[Date Prev][Date Next][Thread Prev][Thread Next][Date Index][Thread Index]
Re: Announcement of a new I-D
Rick Jelliffe posted this reply to xml-dev. Since this I-D
should be discussed here, I am forwarding his message.
> Murata Makoto wrote:
>
> > We are looking forward to your feedbacks.
>
>
> Very disappointing to see:
>
>
> 1) Charset "should" be given for application/xml. HTTP has a character
> set handling concept that comes from fantasyland. I would recommend a
> very different policy: never use xml/data, always use application/xml;
> never use charset, always use xml encoding declarations.
>
>
> 2) "When non-validating processors handle XML documents, they do not
> always read external parsed entities. Thus, interoperability is
> not guaranteed."
> This is just FUD: why isnt this handled by the "standalone" declaration.
> If it is a comment about bugs in software, that is out-of-place here.
>
>
>
> 3) Support for xml:base. Xml:base is currently being railroaded through
> W3C with requirements document--on behalf of my organization which is a
> W3C member I have repeatedly asked what its justification is, and there
> has never been any answer.

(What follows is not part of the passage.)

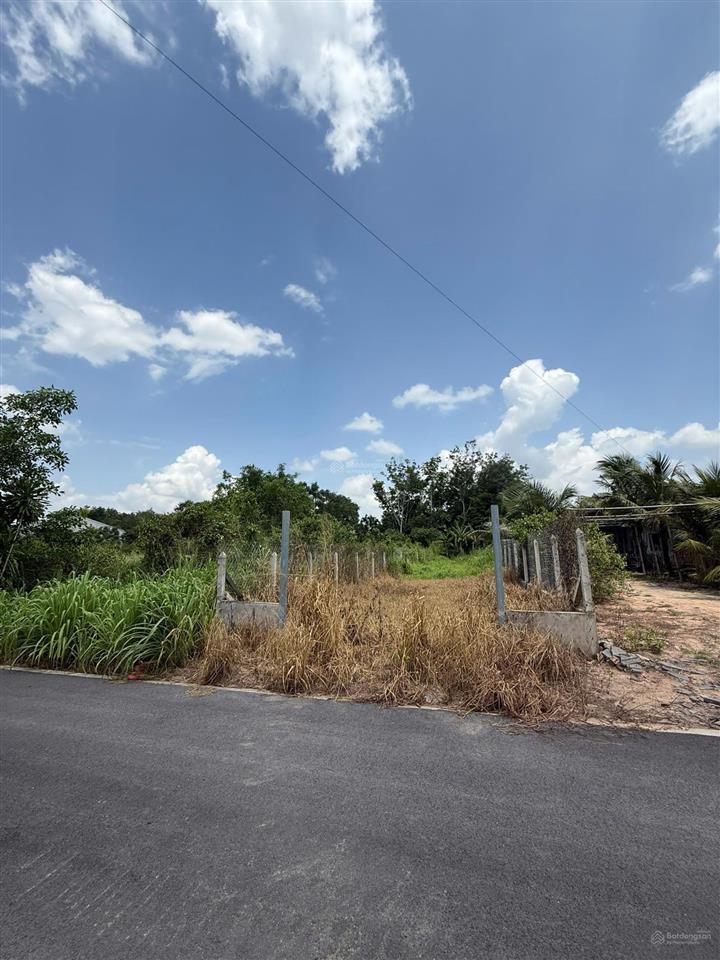 Đất quá rẻ chỉ hơn 4tr/1m2 xây được 10 phòng có thu nhập trên 20tr/1 tháng gần kcn mỹ phước 1,2,3,4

Xml:base is dangerous because it creates an
> unlabelled dialect of XML--a general XML editor cannot treat URIs as
> text when cutting and pasting, it also may have to do something with
> xml:base. It would be OK if managed as part of some more general
> package, but not by itself. In any case, it is not clear whether
> xml:base applies to all data marked by a schema as a URI or just to data
> marked as an xlink:href. It does not apply to URIs in SYSTEM identifiers
> in entities, ASAIK.
>
>
> Without knowing which URIs are "known" by xml:base, and what its
> interaction is with xml schemas, broad statements that embedded URIs
> should be interpreted relative to xml:base are surely incorrect, or at
> least too early. There is no need for F with xml:base, but U and D are
> certainly warranted.
>
>
> 4) The rocket scientists at IETF have managed a new thing with the spec
> for utf16be (if you use utf16be you cannot have a BOM apparantly): it
> means that not only can you do too little as far as labelling your data,
> you can now do *too much*! If you want to use big-endian utf16 and your
> software sticks in a BOM just to be safe you are ruined. I thought I had
> seen everything. This makes the well-intentioned user pay: it looks like
> an enabling provision, but its effect is surely to prevent the use of
> big-endian UTF16. Users should not be penalized for providing "too
> much" labelling.
>
>
> 5) Along similar lines, but far worse and of major importance for
> internationalization, the fragment identifier of a URI has to be in
> US-ASCII with %HH escaping. Here I am in Taipei and I want to include
> an Xpointer to refer to an ID or element name or attribute name or
> value, and I have to first find the numeric values of my Big5, then
> trancode it into Unicode, then find out what the Unicode values are in
> HEX, then put them in. Is that the way it is supposed to work? This is
> exactly the sort of thing that should be provided by the XML
> infrastructure, not by the poor user: to tell the user "you can say
> 'yes' in your native language in that attribute value, but you cannot
> type it directly when you want to reference that elemement" is not
> acceptable. And what about XSLT: does it mean that when I use an XPath
> which includes a document() reference, that I have to suddenly stop when
> I get to the fragment identifier of the URI and switch to %HH?
>
>
> This draft has lost the plot. XML is first and foremost a markup
> language: that is its name, that is its purpose, that is what we want.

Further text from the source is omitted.